The contradiction of an arms manufacturer funding a major international peace award seems to be baked into the prize, which has recently been awarded to people who aren’t exactly sterling examples of peace ambassadors.

In 1994, the peace prize was shared by the Palestinian National Authority president Yasser Arafat, Israeli foreign minister Shimon Peres, and Israeli Prime Minister Yitzhak Rabin. The following year, Israeli defense forces killed 42 Palestinians, Palestinians killed 9 members of the Israeli military, a string of suicide bombings left dozens of Israeli civilians dead, and Rabin was assassinated by a Jewish extremist who was opposed to Israeli-Palestinian peace negotiations. These groups are no closer to a lasting peace today.

In 2007, Al Gore shared the peace prize for making a documentary about climate change, which many members of congress still don’t believe is real. In 2009, Barack Obama, who greatly expanded America’s overseas drone war, won the peace prize. The European Union inexplicably won the peace prize in 2012, despite accounting for a third of global arms exports. Last year, the peace prize was awarded to Colombian president Juan Manuel Santos, who was defense minister when the extrajudicial killings of guerilla fighters in the country for reward money was revealed in 2009.

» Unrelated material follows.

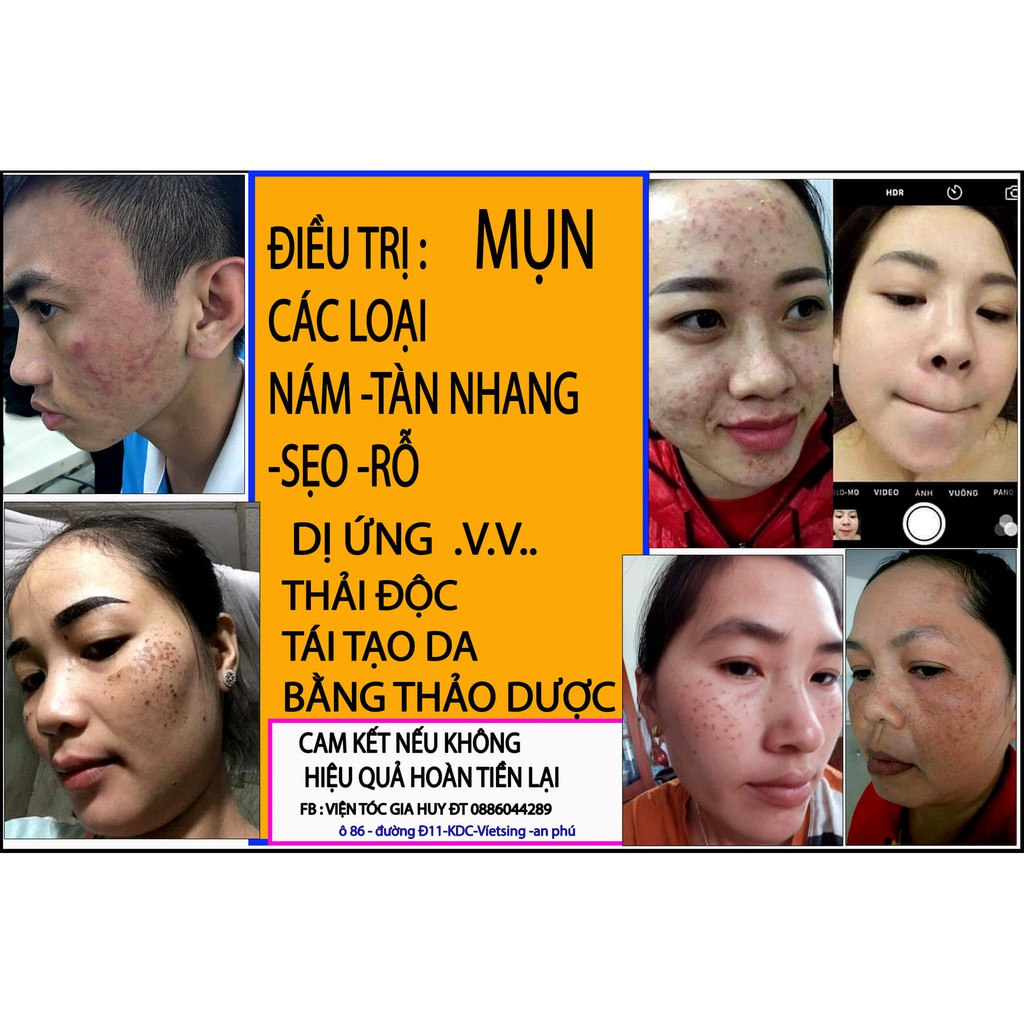 SERUM TÁI TẠO DA PHƯƠNG ANH YODY WHITE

This is not to disparage the efforts of ICAN, which has done about as much as any other organization could do in the perennially stagnant arena of international nuclear disarmament policy, and has done it without also making the world a worse place. Rather, it’s to acknowledge that the Nobel Peace Prize has become little more than a nice thought at best, and a hypocritical participation trophy at worst.

I sincerely hope ICAN is successful in its nuclear abolition efforts before a world leader has the chance to repeat the nuclear humanitarian disasters of the 20th century. If it does, however, this will be the result of the tireless activism of its members rather than its recognition by an increasingly meaningless award.